Livestock are estimated to be responsible for 14.5% of the total greenhouse gas (GHG) emission from anthropogenic sources [1], with methane resulting from enteric fermentation the second largest source of anthropogenic GHG, representing 39% of the livestock sector emissions [1]. Numerous studies have investigated the potential to decrease methane from enteric fermentation in ruminants using dietary strategies or dietary additives [2]. However, relatively few studies have considered the wider consequences of these interventions on the functioning of the rumen microbial ecosystem [3]. It has been suggested that rumen function will be disrupted if rumen methane production is inhibited without the provision of alternative hydrogen sinks [4]. Here we report on the effect of two dietary additives (nitrate and linseed oil) selected based on a previous meta-analysis as persistent and potentially practical methane mitigation additives [5] on rumen fermentation, methane and hydrogen emissions and the rumen microbiome. Furthermore, given the concerns that geography and management might influence the underlying microbial population and hence the response to the additive [6], the additives were tested in two matched experiments in New Zealand and in the UK.

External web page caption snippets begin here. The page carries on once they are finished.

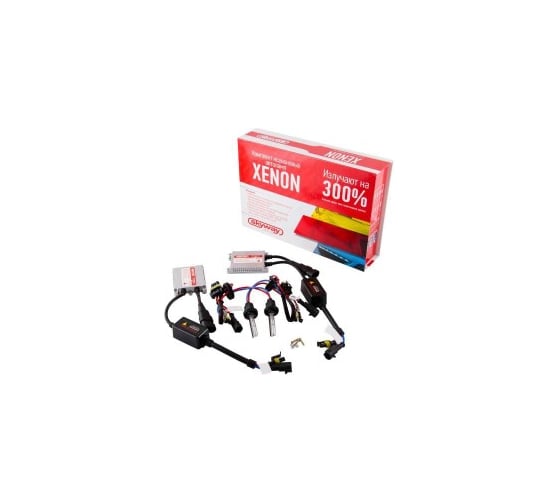 Автолампа би-ксенон SKYWAY H4 H/L, 12V, 35W, 4300K, 2 шт., провод, 2 блока розжига SH4 H_L 4300K D13 12V35W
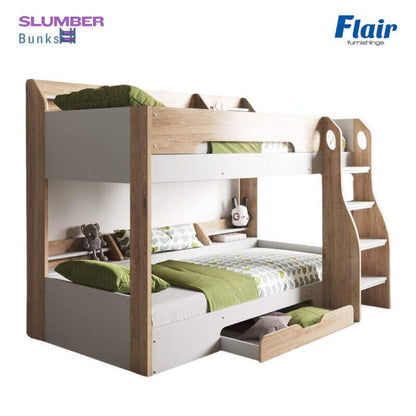 Flair Flick Bunk Beds - Oak Bunk Bed - Front Side View - White Background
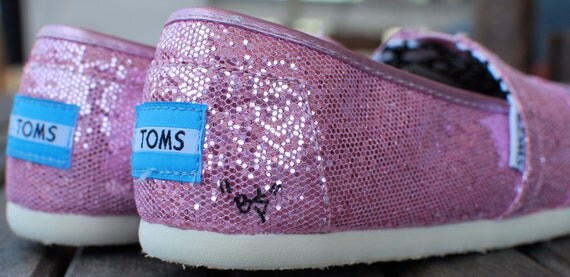 Pink Glitter Mustache TOMS shoes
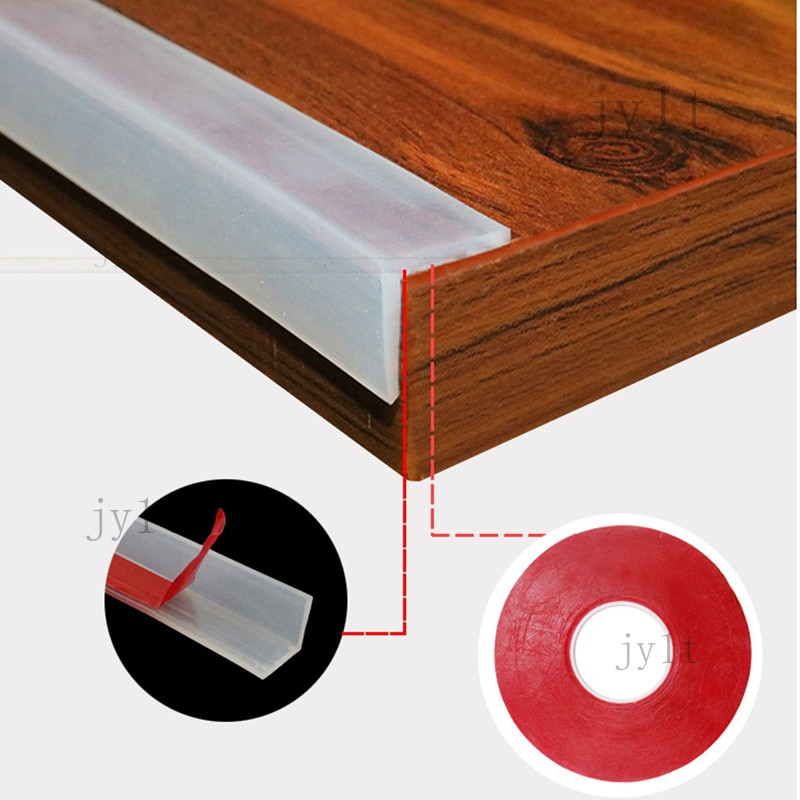 แถบปิดผนึกซิลิโคนรูปตัว L แถบปิดผนึกประตูกระจกแถบป้องกันด้านข้างโต๊ะมุมทนอุณหภูมิสูงป้องกันการชนกัน S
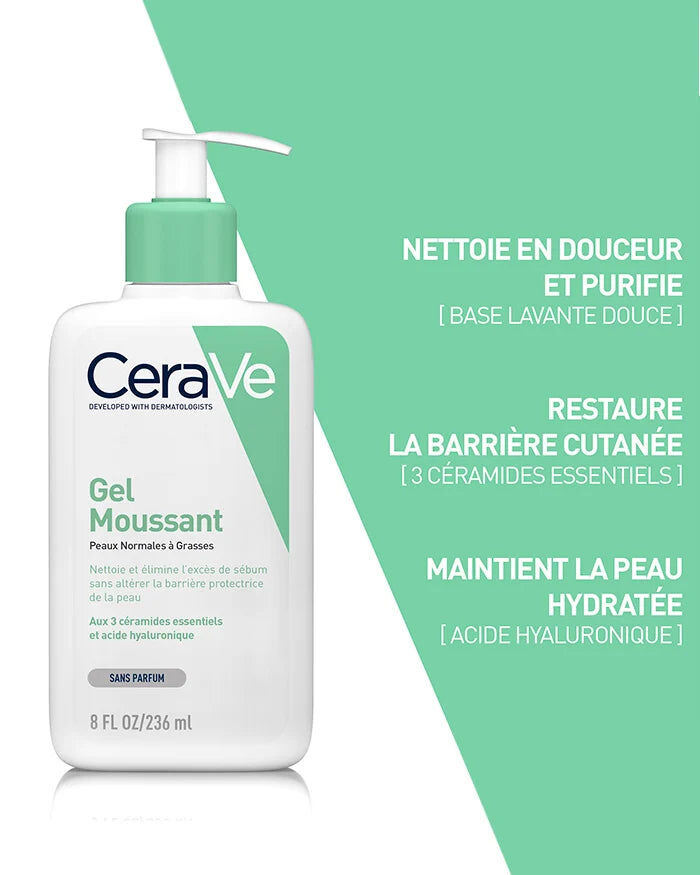 CERAVE Gel Nettoyant Moussant 473ml Purification Équilibre Peaux Normales à Grasses thumbnail 4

Methane yield was higher in Dairy 2 than Dairy 1, but both were in the range typically observed in dairy cows [23, 24]. Linseed oil did not affect methane emissions in either experiment. This contrasts with studies in the literature showing a decrease in methane emissions by around 3.6 to 5.6% for each 10 g/kg DM increase in crude fat content [23, 25–27]. Linseed oil is thought to decrease methane emissions as the PUFA present in linseed oil might be toxic to certain cellulolytic bacteria and rumen protozoa which supply hydrogen to the methanogenic archaea [27]. However, no effect was observed on the main cellulolytic genera such as Fibrobacter or Ruminococcus and neither did linseed oil decrease protozoa 18S copy numbers. Overall, the absence of a reduction in methane emissions with linseed oil coincides with an absence of a response in the rumen microbial ecosystem as a whole. The effects of linseed oil on animal performance, particularly on milk composition were, however, pronounced in both experiments. Linseed oil caused a reduction in milk fat percentage in agreement with previous studies (see meta-analysis of [28]). It is believed this is caused by the biohydrogenation of PUFA into specific FA intermediates, in particular trans-10, cis-12 conjugated linoleic acid which inhibit the de novo synthesis of FA in the mammary gland, causing a reduction in saturated FA and total milk fat [29].

This study has demonstrated that significant decreases in rumen methane emissions can be achieved without drastic effects on either the rumen microbial population or its function. Furthermore, we found no evidence to support concerns that the response to dietary additives in different geographical locations will differ due to different underlying rumen microbial populations.